_Dataset excerpt_
- Opening Delimiter -

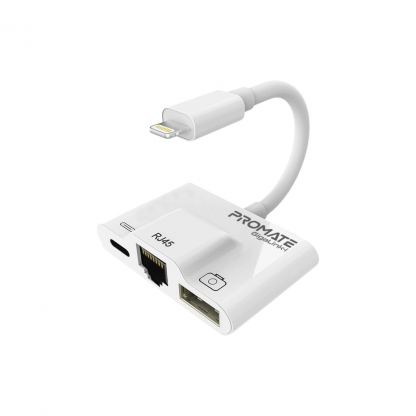 Адаптер Lightning to RJ45 Ethernet + USB 3.0 OTG + Lightning Promate (gigalink-i.white)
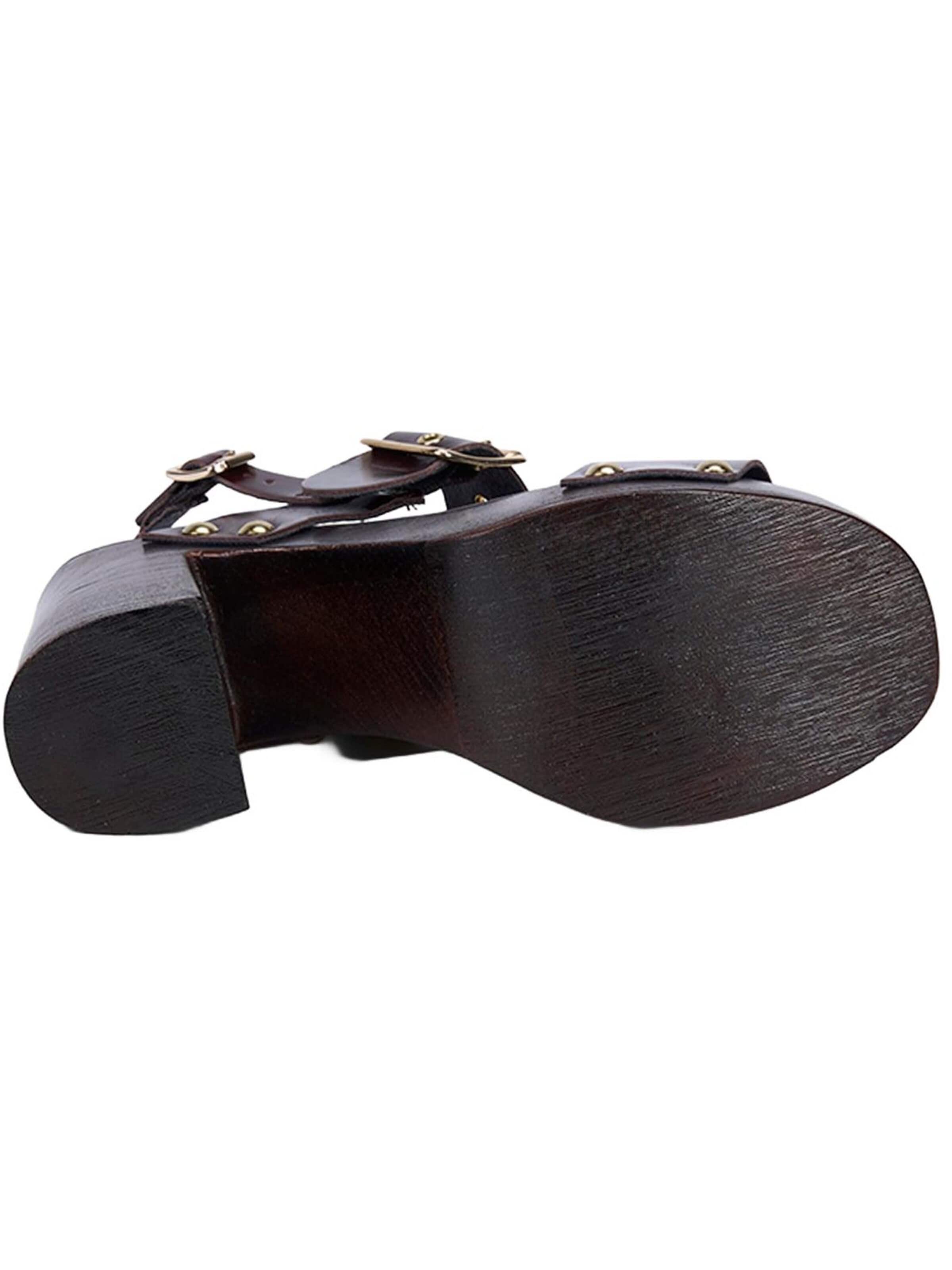 Desa Strap sandal 'DESA Damen-Plateausandalen aus Leder mit Nieten' in Brown
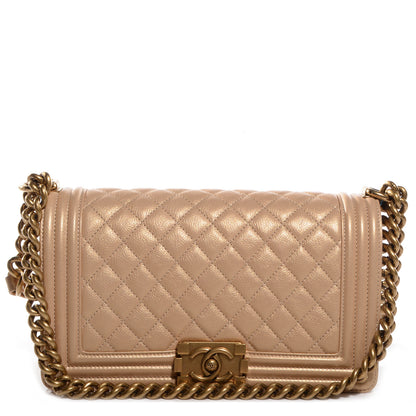Chanel Pearl Calfskin Medium Boy Flap Gold 1 of 9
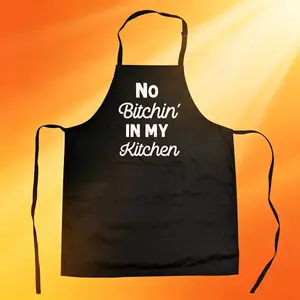Cookout Apron No Bitchin In My Kitchen Grilling Baking Cooking Gift for Her Mom Funny Aprons Adjustable Household Items Graphic Print Funny Food Cover Novelty Cooking Aprons for Men Black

- Closing Delimiter -

_Directions for this task_
Reproduce, word for word, every line from the one that contains "Desa Strap sandal" to the end of the data, including both ends; omit all pictures.

_Result_
 Desa Strap sandal 'DESA Damen-Plateausandalen aus Leder mit Nieten' in Brown
Chanel Pearl Calfskin Medium Boy Flap Gold 1 of 9
Cookout Apron No Bitchin In My Kitchen Grilling Baking Cooking Gift for Her Mom Funny Aprons Adjustable Household Items Graphic Print Funny Food Cover Novelty Cooking Aprons for Men Black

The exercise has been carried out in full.